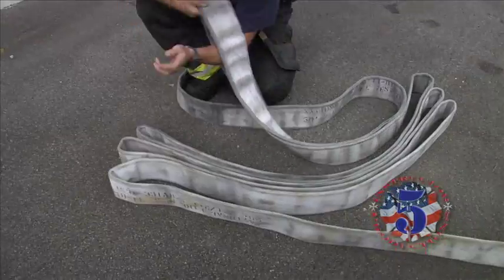Train like your life depends on it, cause it does. Let's go.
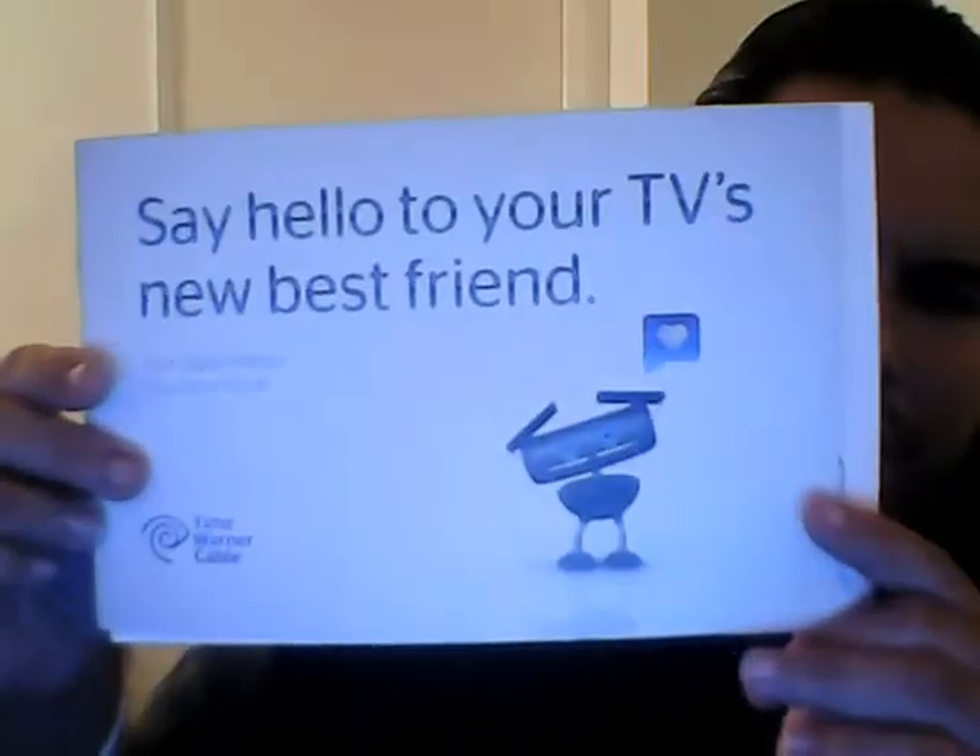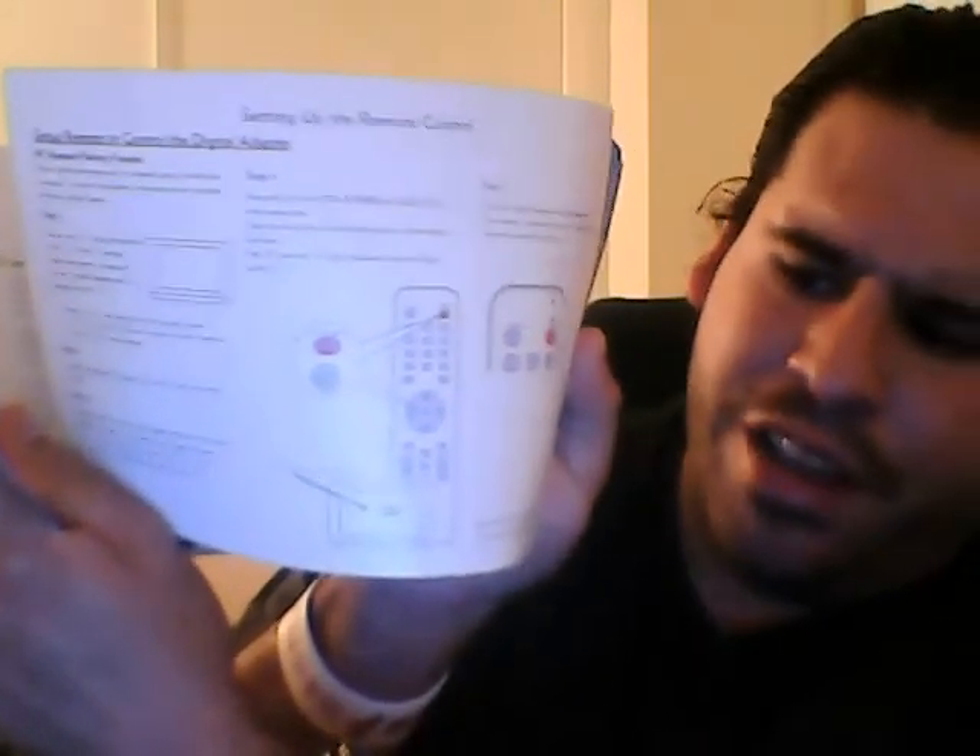I think flat screen TVs we have already with connections on them are pretty futuristic as is. But, you know, give me more details. After you've got the box, this will also be in the box. It'll tell you, 'Say hello to your new best friend,' and it just tells you the steps and guides on how to set up the box. Now, once you're done setting up your box, it's time to watch TV.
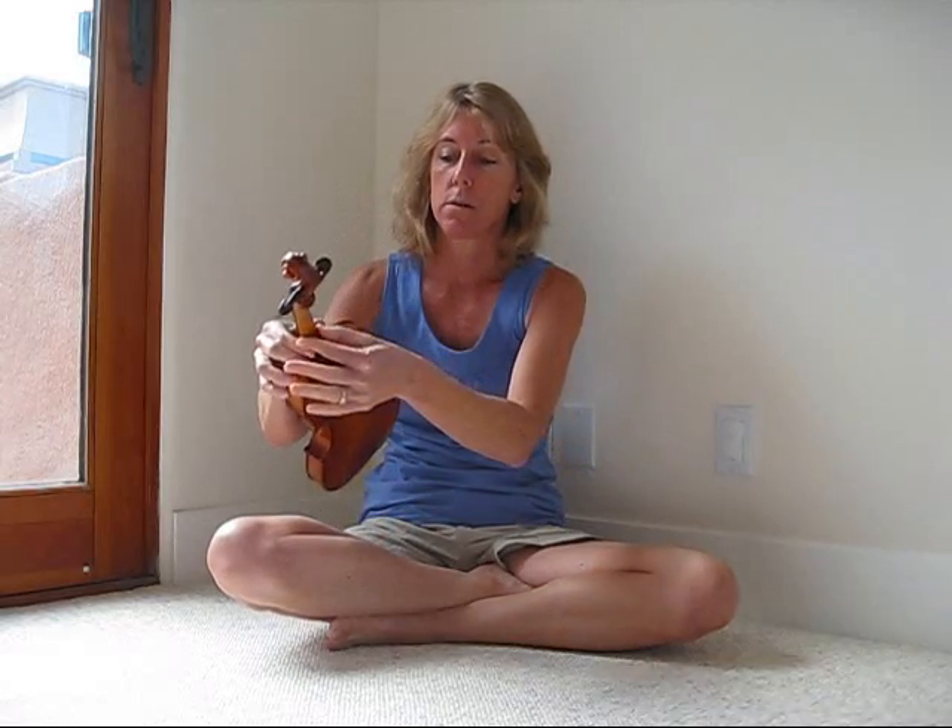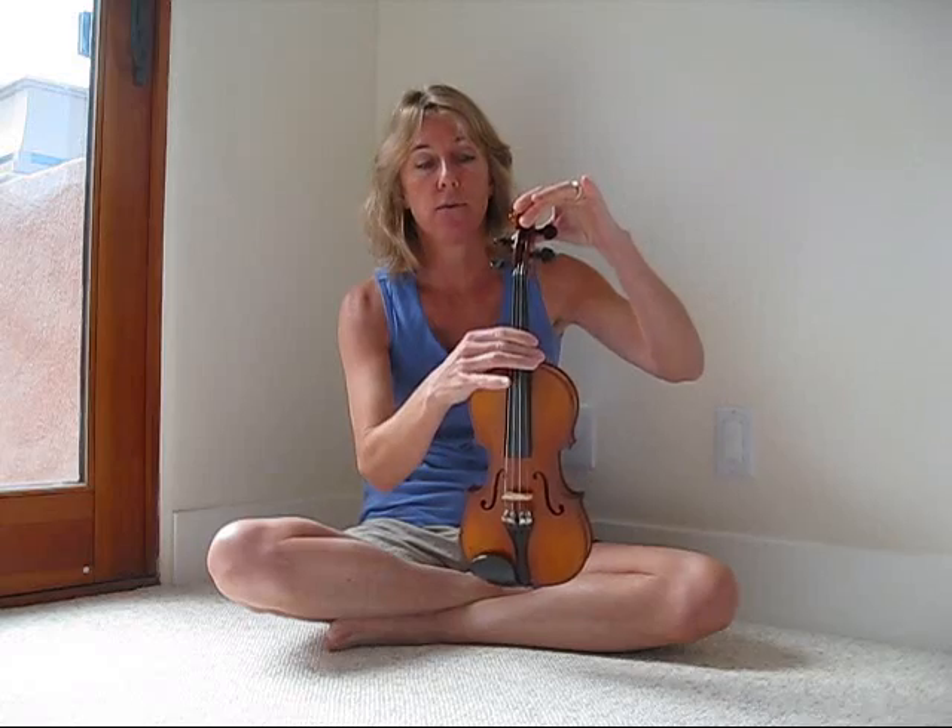So here's the violin. The large wooden part is called the body of the violin. The wooden part that sticks out is called the neck. And on top we have the scroll.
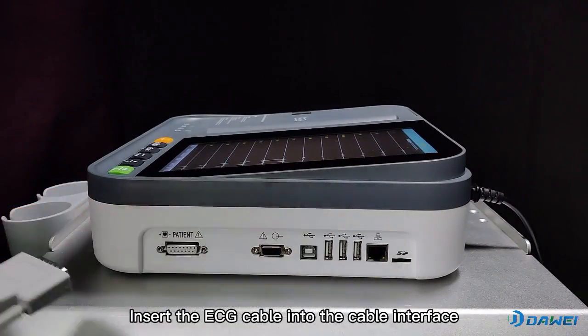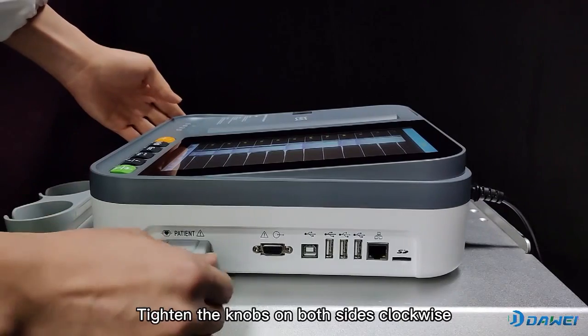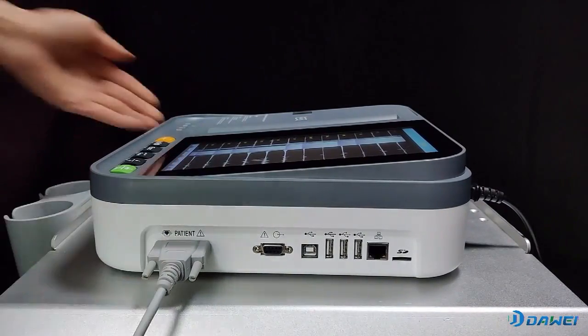Insert the ECG cable into the cable interface. Tighten the knobs on both sides clockwise. Insert complete.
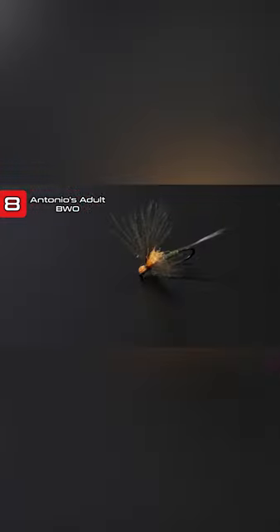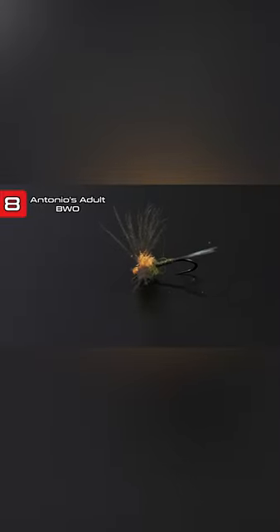This is the Antonio's Baetis, or Blue-winged Olive Adult. This is a CDC wing with a high-vis little post on there.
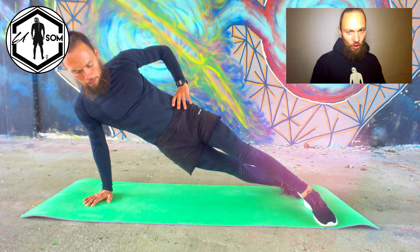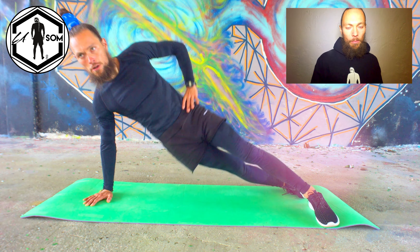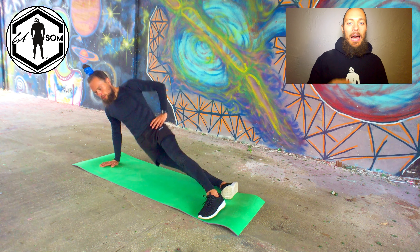First of all, how to do side planks with crossed legs. Put your hands on the floor and get yourself into a side plank position by resting your body on one of your arms. Keep your elbows straight, extend your legs, cross them and spread open for balance.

○ ○ ○ ○

> _WORK REQUEST_
All lines from the one containing "So here's the" through the end of the data are to be written out exactly, with nothing added; skip the pictures.

> _WRITTEN SOLUTION_
So here's the violin. The large wooden part is called the body of the violin. The wooden part that sticks out is called the neck. And on top we have the scroll.
Insert the ECG cable into the cable interface. Tighten the knobs on both sides clockwise. Insert complete.
This is the Antonio's Baetis, or Blue-winged Olive Adult. This is a CDC wing with a high-vis little post on there.
First of all, how to do side planks with crossed legs. Put your hands on the floor and get yourself into a side plank position by resting your body on one of your arms. Keep your elbows straight, extend your legs, cross them and spread open for balance.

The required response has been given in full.